Minimum found that satisfies the constraints. Optimization completed because the objective function is non-decreasing in feasible directions, to within the value of the optimality tolerance, and constraints are satisfied to within the value of the constraint tolerance.

```
xpic = reshape(sol,m,n);
figure
imshow(xpic)
title('Deblurred Image')
```

The deblurred image is much clearer than the blurred image. You can once again read the license plate. However, the deblurred image has some artifacts, such as horizontal bands in the lower-right pavement region. Perhaps these artifacts can be removed by a regularization.

Regularization is a way to smooth the solution. There are many regularization methods. For a simple approach, add a term to the objective function as follows:

$$\mathrm{min}(\Vert (D+\epsilon I)x-G{\Vert}^{2})$$ subject to $$0\le x\le 1$$.

The term$$\epsilon I$$ makes the resulting quadratic problem more stable.

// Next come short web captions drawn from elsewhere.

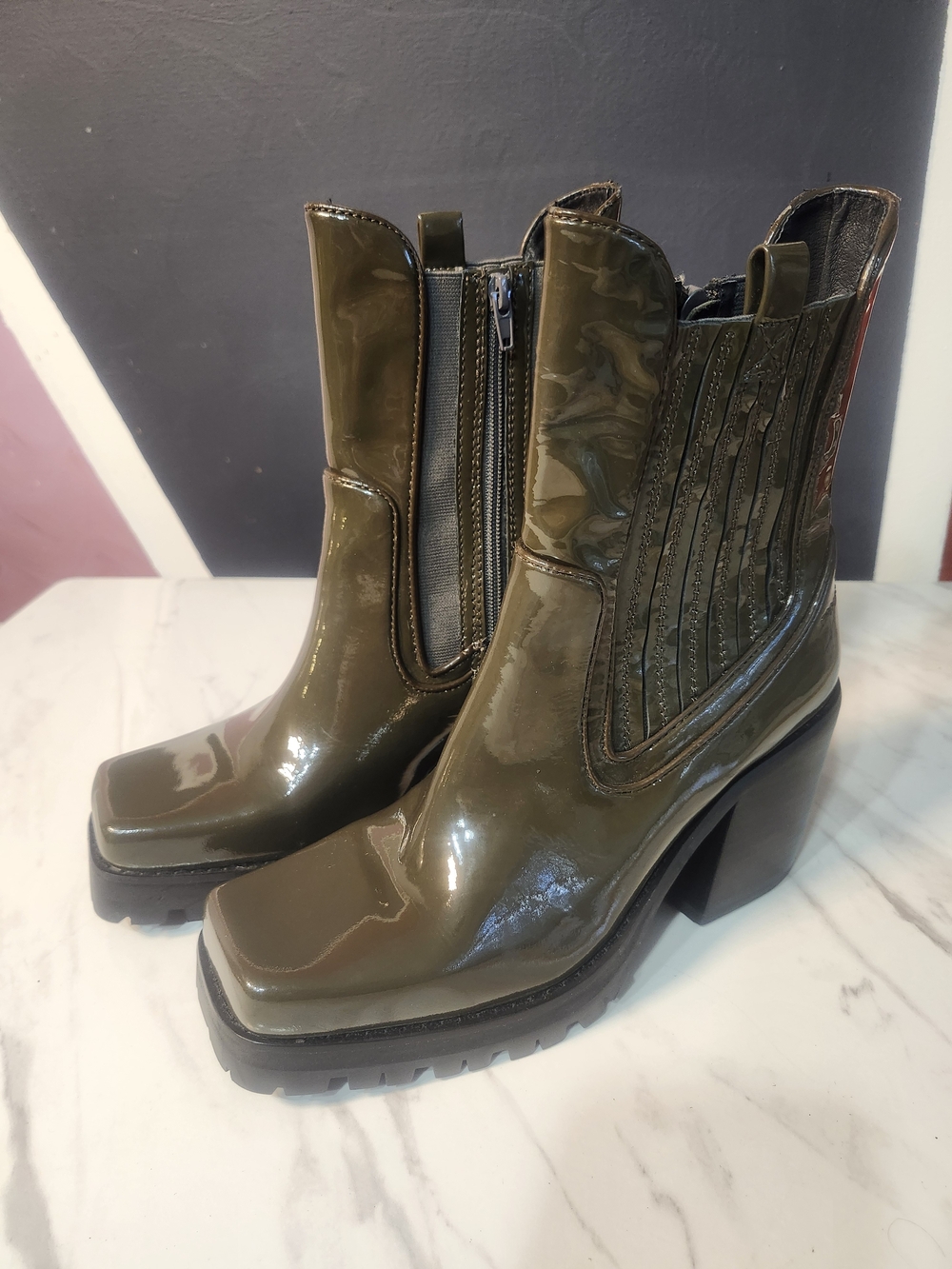 Jeffrey Campbell Olive Patent Platform Ankle Boots - Women Size 10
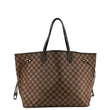 LOUIS VUITTON Neverfull GM Damier Ebene Tote Shoulder Bag Brown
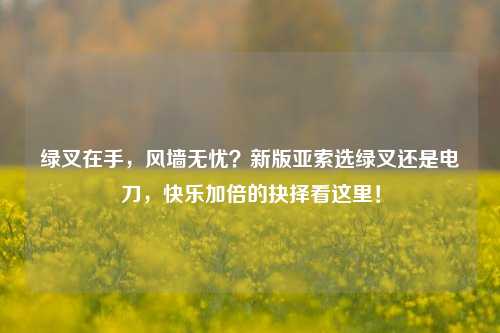 绿叉在手,风墙无忧?新版亚索选绿叉还是电刀,快乐加倍的抉择看这里!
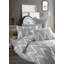 Ensemble de housse de couette en coton et polyester doux, gris et blanc | Comprend une housse de lit et une taie d'oreiller 20 x 31 | 120 fils au pouce carré, lavable à la machine | Enveloppe élégante et fermeture à boutons pour une utilisation facile-119200353-119200361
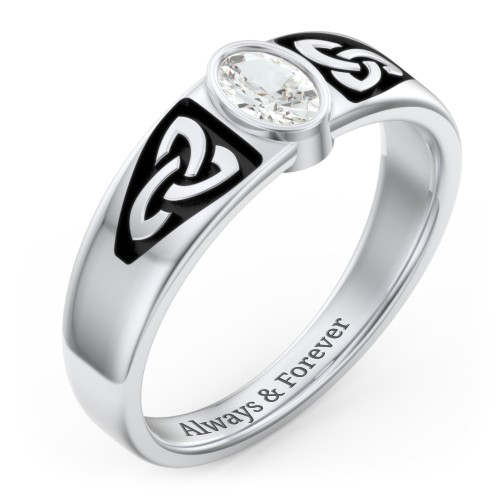 Men's Trinity Knot Ring With Oval Stone – Sterling Silver with Cubic Zirconia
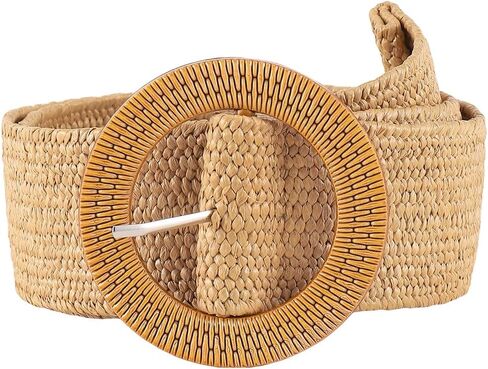 Verdusa Women's Round Buckle Elastic Straw Belts Boho Waist Belt in Saudi Arabia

Take $$\epsilon =0.02$$ and solve the problem again.

addI = speye(mn); sol2 = lsqlin(D+0.02*addI,G,[],[],[],[],lb,ub);

Minimum found that satisfies the constraints. Optimization completed because the objective function is non-decreasing in feasible directions, to within the value of the optimality tolerance, and constraints are satisfied to within the value of the constraint tolerance.

```
xpic2 = reshape(sol2,m,n);
figure
imshow(xpic2)
title('Deblurred Regularized Image')
```

Apparently, this simple regularization does not remove the artifacts.